= WHAT YOU SHOULD DO =
Where the records below show a line containing "GENERICO - Bolsa", start copying; end with the line containing "Stuart Weitzman clear pump", and copy it too.

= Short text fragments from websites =
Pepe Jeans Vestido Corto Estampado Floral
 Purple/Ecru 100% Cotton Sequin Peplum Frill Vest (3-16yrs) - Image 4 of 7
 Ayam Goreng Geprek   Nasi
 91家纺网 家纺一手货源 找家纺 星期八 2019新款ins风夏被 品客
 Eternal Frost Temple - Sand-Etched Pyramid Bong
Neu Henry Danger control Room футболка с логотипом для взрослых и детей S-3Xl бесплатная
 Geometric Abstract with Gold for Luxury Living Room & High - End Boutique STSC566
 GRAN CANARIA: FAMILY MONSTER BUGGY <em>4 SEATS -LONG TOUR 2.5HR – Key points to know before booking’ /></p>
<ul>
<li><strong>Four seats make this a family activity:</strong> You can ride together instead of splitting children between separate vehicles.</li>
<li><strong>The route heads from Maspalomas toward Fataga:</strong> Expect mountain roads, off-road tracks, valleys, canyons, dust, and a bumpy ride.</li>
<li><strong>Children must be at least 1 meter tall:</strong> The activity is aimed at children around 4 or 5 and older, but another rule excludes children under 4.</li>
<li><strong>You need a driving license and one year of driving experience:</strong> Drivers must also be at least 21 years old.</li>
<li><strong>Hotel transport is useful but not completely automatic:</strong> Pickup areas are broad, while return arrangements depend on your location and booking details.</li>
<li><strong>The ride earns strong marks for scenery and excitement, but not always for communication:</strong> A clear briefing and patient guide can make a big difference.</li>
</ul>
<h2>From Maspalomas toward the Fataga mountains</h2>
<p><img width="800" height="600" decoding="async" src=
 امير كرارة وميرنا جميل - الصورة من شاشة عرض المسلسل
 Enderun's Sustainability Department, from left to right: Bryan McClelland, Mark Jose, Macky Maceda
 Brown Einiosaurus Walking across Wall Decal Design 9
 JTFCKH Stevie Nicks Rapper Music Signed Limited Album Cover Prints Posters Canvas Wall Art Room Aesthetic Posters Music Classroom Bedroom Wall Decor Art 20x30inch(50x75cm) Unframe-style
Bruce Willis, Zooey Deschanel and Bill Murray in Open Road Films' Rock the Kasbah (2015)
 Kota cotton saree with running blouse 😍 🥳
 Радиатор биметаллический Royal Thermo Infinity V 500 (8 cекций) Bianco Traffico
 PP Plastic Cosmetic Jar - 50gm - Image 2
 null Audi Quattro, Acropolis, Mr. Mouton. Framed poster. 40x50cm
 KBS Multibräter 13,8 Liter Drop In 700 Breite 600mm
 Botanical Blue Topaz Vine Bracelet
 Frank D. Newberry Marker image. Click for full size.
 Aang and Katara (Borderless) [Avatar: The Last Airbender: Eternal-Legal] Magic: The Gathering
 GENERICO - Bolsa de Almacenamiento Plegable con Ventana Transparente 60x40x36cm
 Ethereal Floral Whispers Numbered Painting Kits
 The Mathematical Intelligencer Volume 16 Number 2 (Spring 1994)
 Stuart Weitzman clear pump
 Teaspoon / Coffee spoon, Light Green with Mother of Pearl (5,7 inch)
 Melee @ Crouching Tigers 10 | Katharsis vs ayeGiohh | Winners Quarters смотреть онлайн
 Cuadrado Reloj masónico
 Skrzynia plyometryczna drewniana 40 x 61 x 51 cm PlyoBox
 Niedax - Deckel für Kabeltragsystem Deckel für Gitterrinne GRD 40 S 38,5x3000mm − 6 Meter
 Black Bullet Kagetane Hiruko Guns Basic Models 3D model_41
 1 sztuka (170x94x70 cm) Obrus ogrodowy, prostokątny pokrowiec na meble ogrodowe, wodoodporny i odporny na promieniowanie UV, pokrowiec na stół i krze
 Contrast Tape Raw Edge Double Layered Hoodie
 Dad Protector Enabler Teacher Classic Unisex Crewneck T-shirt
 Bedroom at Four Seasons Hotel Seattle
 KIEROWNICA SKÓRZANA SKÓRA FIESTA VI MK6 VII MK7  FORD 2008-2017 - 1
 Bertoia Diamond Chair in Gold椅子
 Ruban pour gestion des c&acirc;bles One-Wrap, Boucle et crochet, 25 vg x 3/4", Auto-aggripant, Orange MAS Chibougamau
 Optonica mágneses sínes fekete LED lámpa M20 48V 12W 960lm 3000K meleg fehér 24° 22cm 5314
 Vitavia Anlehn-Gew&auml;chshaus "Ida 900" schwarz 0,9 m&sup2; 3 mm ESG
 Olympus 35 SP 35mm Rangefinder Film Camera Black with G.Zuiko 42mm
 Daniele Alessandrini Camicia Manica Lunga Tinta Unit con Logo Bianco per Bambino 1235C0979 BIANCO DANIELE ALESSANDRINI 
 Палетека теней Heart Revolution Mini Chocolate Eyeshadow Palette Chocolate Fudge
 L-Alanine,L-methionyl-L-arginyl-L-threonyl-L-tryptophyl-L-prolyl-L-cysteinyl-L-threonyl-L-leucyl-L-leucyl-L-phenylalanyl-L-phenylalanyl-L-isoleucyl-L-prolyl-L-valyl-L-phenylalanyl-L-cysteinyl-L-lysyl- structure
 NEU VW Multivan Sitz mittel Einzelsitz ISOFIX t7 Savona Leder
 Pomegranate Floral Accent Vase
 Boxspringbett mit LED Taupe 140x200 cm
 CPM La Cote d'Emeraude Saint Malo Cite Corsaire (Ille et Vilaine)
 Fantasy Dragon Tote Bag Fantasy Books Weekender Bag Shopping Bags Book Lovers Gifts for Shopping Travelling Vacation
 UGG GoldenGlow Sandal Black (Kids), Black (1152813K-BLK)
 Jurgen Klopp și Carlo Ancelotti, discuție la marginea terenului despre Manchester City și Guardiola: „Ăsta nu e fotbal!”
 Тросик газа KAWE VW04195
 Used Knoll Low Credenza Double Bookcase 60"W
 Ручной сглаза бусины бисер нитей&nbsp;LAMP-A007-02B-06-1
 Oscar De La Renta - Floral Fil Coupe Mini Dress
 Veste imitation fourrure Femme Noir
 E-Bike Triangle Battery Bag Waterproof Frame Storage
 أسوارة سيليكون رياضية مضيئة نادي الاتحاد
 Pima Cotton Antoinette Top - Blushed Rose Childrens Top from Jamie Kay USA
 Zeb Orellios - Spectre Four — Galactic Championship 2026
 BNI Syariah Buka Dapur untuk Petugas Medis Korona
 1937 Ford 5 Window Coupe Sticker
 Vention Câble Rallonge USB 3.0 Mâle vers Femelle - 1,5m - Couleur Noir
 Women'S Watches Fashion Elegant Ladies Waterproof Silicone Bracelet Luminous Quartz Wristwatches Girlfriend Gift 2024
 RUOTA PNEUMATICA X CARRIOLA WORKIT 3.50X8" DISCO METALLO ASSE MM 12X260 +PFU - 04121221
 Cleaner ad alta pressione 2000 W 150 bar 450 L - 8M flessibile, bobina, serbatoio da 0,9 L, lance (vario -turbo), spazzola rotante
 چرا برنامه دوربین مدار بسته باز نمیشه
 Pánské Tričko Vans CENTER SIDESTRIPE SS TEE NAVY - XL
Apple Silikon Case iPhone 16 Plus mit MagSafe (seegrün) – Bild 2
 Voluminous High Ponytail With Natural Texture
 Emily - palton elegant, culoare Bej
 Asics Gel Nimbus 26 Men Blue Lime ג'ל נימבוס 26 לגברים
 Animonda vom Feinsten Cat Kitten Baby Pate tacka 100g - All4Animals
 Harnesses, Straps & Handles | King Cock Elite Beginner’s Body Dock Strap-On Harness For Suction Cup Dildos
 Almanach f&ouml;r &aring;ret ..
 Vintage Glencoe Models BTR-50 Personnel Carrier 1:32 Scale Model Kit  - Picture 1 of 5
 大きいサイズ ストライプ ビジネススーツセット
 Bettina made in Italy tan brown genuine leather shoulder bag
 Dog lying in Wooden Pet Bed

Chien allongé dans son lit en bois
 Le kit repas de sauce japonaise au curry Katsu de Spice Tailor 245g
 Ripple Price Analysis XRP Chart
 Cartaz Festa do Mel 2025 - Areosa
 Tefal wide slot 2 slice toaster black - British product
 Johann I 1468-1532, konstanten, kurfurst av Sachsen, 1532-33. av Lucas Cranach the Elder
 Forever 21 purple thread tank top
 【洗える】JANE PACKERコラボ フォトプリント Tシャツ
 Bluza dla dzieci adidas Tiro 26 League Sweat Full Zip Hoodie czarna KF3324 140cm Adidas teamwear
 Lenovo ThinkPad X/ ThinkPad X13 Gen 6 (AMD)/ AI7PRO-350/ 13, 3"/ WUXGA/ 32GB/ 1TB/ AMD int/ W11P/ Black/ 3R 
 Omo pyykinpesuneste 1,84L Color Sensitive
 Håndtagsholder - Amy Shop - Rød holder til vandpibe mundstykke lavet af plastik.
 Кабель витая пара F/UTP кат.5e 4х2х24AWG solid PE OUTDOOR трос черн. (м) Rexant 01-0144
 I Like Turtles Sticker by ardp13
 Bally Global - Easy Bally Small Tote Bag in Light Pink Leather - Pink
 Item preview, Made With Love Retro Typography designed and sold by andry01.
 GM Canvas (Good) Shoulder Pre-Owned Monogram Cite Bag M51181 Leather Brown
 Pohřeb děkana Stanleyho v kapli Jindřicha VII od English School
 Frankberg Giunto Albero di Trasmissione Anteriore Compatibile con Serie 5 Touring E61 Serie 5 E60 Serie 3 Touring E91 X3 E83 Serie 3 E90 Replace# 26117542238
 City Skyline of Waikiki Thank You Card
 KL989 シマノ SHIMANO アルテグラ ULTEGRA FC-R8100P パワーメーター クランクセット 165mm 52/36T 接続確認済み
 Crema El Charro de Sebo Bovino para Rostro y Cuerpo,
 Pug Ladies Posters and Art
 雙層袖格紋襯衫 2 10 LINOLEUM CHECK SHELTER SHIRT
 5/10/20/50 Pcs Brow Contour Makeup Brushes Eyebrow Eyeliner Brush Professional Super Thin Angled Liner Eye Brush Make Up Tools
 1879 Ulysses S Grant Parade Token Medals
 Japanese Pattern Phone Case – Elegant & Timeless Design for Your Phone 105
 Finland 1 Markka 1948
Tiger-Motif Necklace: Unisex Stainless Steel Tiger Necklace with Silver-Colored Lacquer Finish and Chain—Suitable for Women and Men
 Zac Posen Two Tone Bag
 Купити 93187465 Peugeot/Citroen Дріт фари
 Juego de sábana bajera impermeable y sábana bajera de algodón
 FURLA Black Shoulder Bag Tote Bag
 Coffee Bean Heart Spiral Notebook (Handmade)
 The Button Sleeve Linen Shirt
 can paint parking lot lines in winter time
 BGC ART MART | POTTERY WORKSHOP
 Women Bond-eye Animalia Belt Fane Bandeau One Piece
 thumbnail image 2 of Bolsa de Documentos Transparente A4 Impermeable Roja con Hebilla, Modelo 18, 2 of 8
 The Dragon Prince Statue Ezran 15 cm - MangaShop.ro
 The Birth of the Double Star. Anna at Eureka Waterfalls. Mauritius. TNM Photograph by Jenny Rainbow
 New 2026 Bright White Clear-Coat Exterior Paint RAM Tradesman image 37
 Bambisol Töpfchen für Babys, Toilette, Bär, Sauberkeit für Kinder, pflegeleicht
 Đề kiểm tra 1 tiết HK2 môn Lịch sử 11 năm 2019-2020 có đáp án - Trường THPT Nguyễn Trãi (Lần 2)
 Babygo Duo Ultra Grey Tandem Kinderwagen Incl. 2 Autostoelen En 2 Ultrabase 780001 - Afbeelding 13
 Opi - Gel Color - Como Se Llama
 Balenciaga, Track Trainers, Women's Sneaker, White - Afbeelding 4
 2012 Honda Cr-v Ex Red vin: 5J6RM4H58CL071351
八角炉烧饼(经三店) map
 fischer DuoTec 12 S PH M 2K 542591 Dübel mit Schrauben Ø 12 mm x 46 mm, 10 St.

= ANSWER FOR THIS EXERCISE =
 GENERICO - Bolsa de Almacenamiento Plegable con Ventana Transparente 60x40x36cm
 Ethereal Floral Whispers Numbered Painting Kits
 The Mathematical Intelligencer Volume 16 Number 2 (Spring 1994)
 Stuart Weitzman clear pump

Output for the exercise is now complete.